La première révolution dans la technologie des communications (à part l’invention initiale de l’écriture) a été l’invention de l’imprimerie par Gutenberg vers 1450. Avant la presse à imprimer, les êtres humains communiquaient de façon orale ou bien – pour la minorité qui savait lire et écrire – en s’attelant à la tâche laborieuse d’écrire des missives et de les faire livrer à leur récipiendaire. Étant donné que les mots ne voyageaient pas très loin, la société ne se préoccupait guère de l’aspect éthique de ce qui était dit et écrit, tant que cela respectait les croyances religieuses établies.
La presse à imprimer a changé la donne en permettant la création de milliers d’exemplaires de messages et leur distribution vaste et anonyme. Propulsée par une alphabétisation croissante, cette invention a élargi la portée des propos. Soudain, un message pouvait causer des dommages graves et étendus. L’éthique et le droit ont été appelés en renfort. Les pays ont adopté des lois interdisant les propos séditieux ou hérétiques ainsi que des lois sur la diffamation pour contrer les faussetés qui nuisaient à des réputations. Les messages haineux ont fini par être interdits. Et notre droit actuel reflète ces préoccupations éthiques.

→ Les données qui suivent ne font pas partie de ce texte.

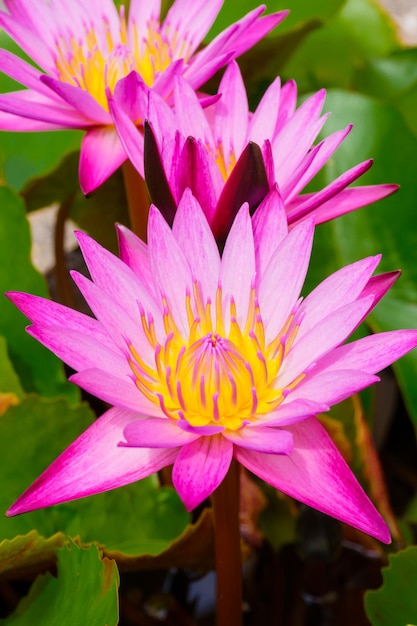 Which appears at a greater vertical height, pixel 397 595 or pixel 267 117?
pixel 267 117

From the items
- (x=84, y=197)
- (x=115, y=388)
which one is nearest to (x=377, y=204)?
(x=84, y=197)

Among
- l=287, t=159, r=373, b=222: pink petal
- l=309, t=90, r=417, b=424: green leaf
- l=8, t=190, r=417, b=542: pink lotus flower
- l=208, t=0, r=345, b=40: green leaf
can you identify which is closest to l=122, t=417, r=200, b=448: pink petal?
l=8, t=190, r=417, b=542: pink lotus flower

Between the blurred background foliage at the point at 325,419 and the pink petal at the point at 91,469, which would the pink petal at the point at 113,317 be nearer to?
the pink petal at the point at 91,469

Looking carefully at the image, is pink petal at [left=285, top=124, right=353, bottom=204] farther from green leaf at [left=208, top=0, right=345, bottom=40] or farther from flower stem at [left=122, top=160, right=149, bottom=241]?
green leaf at [left=208, top=0, right=345, bottom=40]

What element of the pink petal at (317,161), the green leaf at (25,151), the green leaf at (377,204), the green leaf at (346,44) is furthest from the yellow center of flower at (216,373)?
the green leaf at (346,44)

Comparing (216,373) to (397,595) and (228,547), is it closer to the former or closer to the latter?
(228,547)

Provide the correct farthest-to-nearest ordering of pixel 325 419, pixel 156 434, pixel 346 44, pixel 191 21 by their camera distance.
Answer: pixel 346 44 < pixel 325 419 < pixel 191 21 < pixel 156 434

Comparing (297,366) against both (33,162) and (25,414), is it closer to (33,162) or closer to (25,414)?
(25,414) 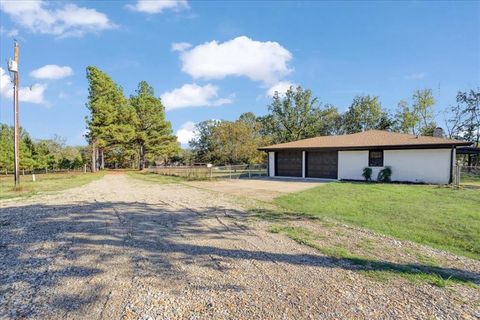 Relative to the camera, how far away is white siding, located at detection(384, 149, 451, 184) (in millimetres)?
14961

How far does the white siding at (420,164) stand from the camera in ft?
49.1

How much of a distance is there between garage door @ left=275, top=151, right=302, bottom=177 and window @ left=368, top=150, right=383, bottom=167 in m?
4.65

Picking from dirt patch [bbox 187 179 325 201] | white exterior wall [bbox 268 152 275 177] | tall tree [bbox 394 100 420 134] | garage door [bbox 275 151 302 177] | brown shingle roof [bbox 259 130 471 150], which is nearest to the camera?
dirt patch [bbox 187 179 325 201]

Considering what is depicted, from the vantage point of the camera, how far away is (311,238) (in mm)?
5086

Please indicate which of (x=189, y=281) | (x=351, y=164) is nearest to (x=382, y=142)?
(x=351, y=164)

La dernière décennie du vingtième siècle a vu émerger une deuxième révolution dans les communications : les communications numériques. Si l’imprimerie a amplifié la portée des mots, la révolution numérique l’a fait à une échelle monstre. Elle a permis à tous d’envoyer un message n’importe où dans le monde, à un auditoire vaste et inconnu et ce, de manière anonyme et sans contraintes. Cela a marqué une grande avancée dans l’aptitude des êtres humains à communiquer, ce qui est positif en théorie.
La révolution numérique a néanmoins un côté funeste. Elle amplifie non seulement les propos édifiants, mais également les propos nuisibles tels que les propos haineux, le racisme, la pornographie, le harcèlement et la désinformation capables de déformer les processus politiques. L’effet de silo (la tendance des utilisateur.trice.s à se cantonner aux sites Web qui représentent leurs propres croyances et opinions) a aggravé davantage les conséquences négatives et a fait de théories conspirationnistes des messages viraux. Au lieu d’évoluer parmi des points de vue divers, les habitants de l’âge numérique s’enfoncent dans leurs croyances. Si on parlait anciennement de la quête de la vérité, la quête dorénavant – pour de nombreux internautes – se résume à chercher ce qu’on veut entendre.
La face sombre de la révolution numérique soulève une pléthore de nouvelles inquiétudes éthiques, des inquiétudes avec lesquelles il est plus difficile de composer qu’avec celles qu’on associe à l’invention de l’imprimerie. Les plateformes numériques fonctionnent largement hors de la portée de la loi; elles obéissent non à des considérations éthiques mais à des algorithmes conçus pour maximiser les revenus de publicité peu importe le contenu des messages diffusés. Même si les plateformes voulaient éradiquer les maux liés à l’Internet, le défi est immense vu le volume de la diffusion et le fait que des propos problématiques peuvent être largement diffusés avant d’être retirés. Sans compter les risques de censure et de violation de la liberté d’expression.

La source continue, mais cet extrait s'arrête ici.